### Activity
Repeat only the stretch of lines below that runs from the line with "Grill Smoker Box" through the line with "Poster empty podium", unaltered.

### Excerpted data
↓
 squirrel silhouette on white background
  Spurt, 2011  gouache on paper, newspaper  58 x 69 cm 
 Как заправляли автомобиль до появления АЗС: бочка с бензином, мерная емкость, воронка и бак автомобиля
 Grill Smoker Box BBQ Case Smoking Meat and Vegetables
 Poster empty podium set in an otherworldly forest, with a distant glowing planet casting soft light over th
↑
↓
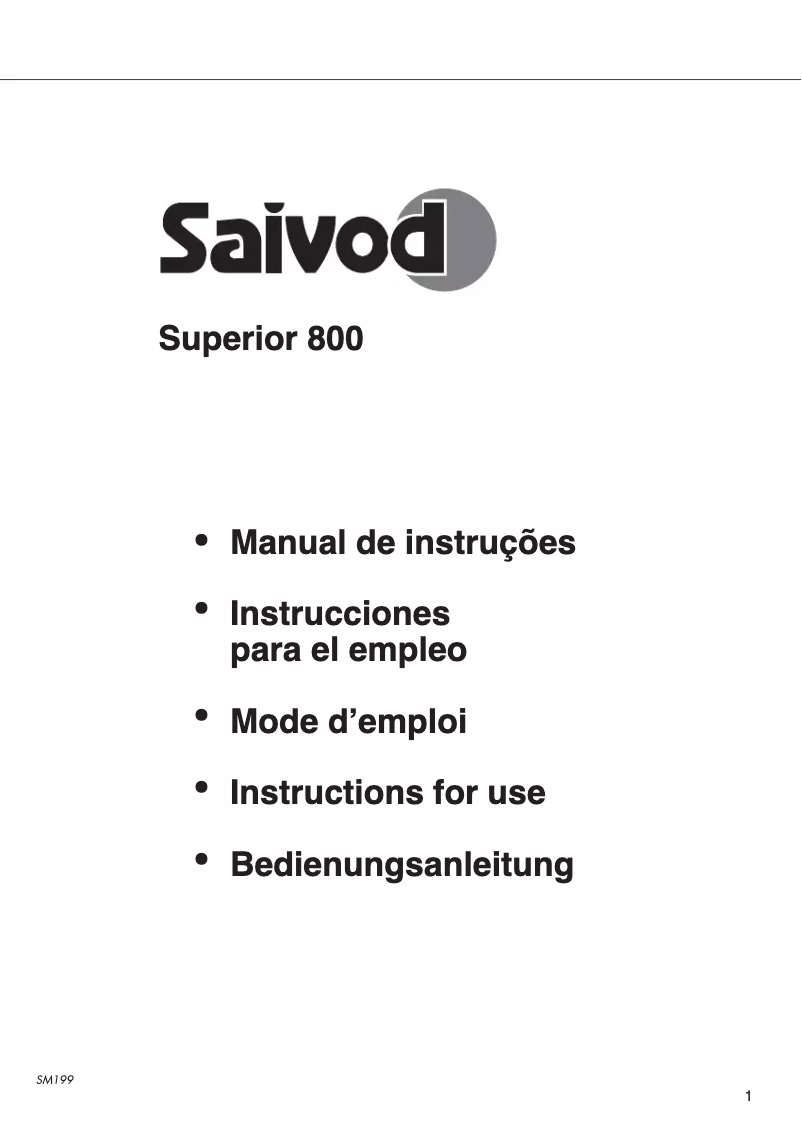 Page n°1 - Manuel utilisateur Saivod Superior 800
↑
↓
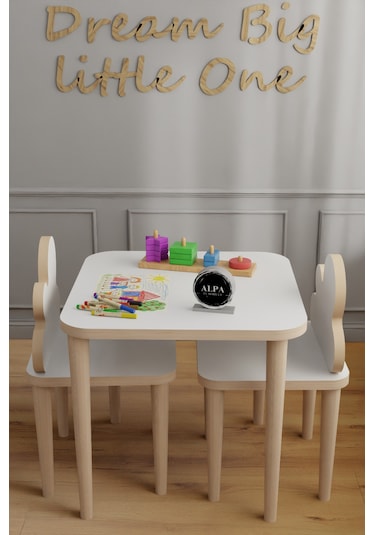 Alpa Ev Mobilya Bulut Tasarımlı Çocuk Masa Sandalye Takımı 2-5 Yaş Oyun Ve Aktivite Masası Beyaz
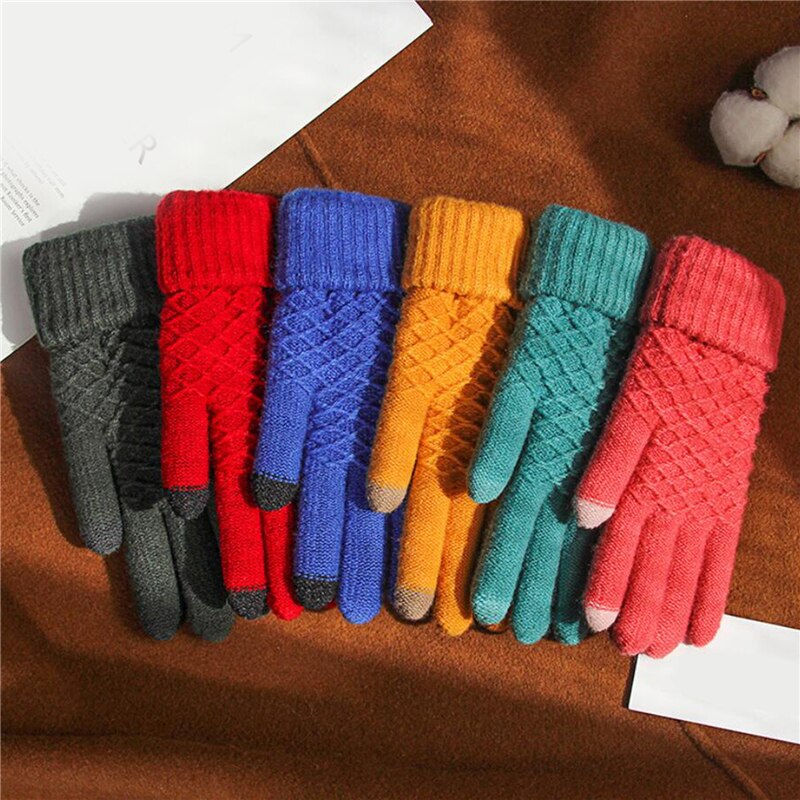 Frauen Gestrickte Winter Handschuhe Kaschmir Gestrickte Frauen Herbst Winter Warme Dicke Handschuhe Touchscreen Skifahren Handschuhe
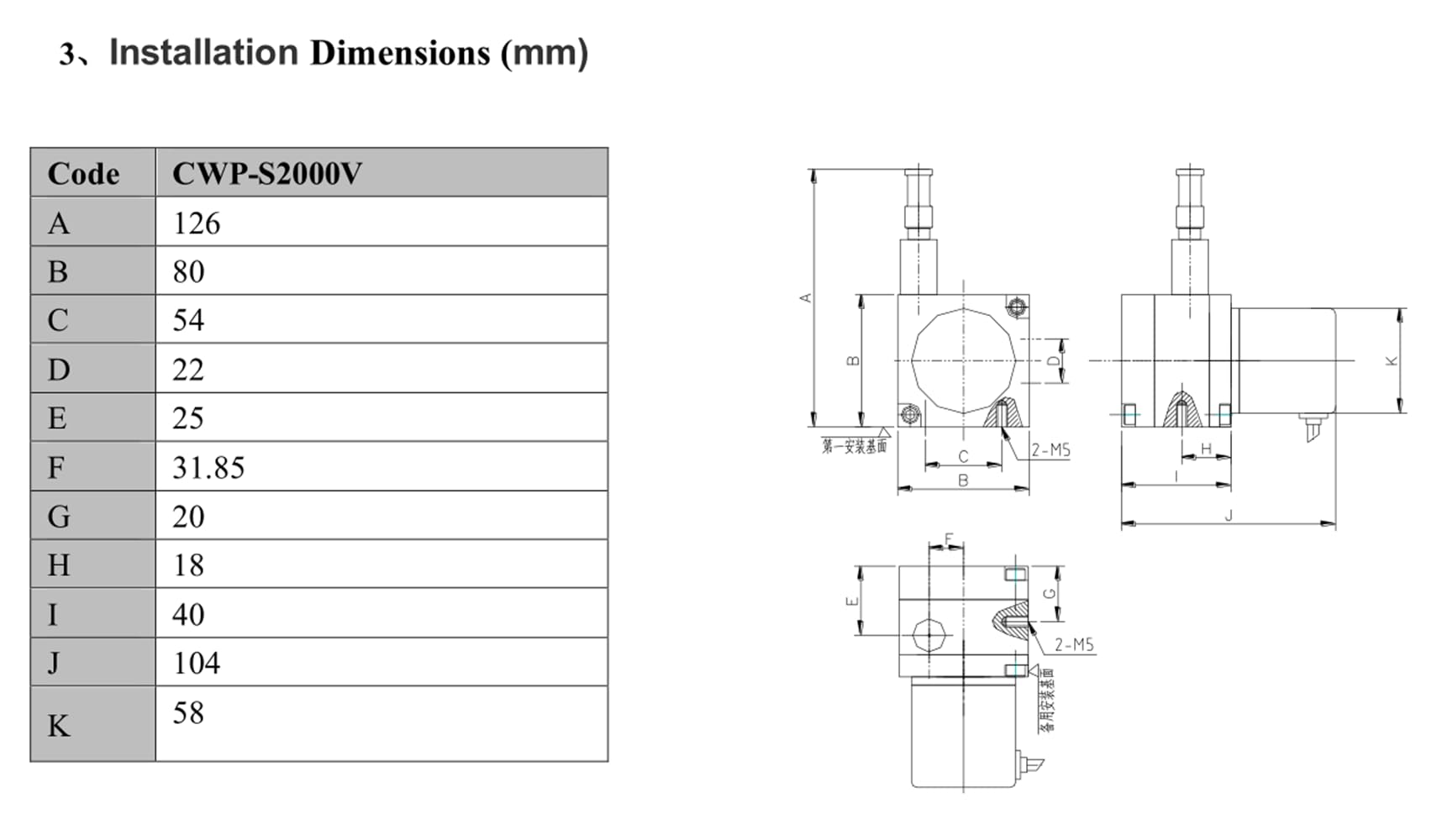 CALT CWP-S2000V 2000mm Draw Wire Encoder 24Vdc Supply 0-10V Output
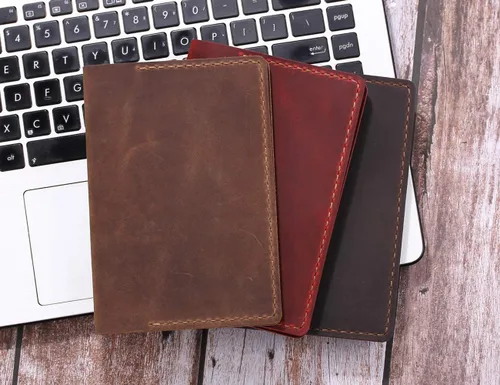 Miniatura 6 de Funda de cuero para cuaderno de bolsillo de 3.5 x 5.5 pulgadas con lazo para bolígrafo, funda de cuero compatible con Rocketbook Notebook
↑
### Answer section
 Grill Smoker Box BBQ Case Smoking Meat and Vegetables
 Poster empty podium set in an otherworldly forest, with a distant glowing planet casting soft light over th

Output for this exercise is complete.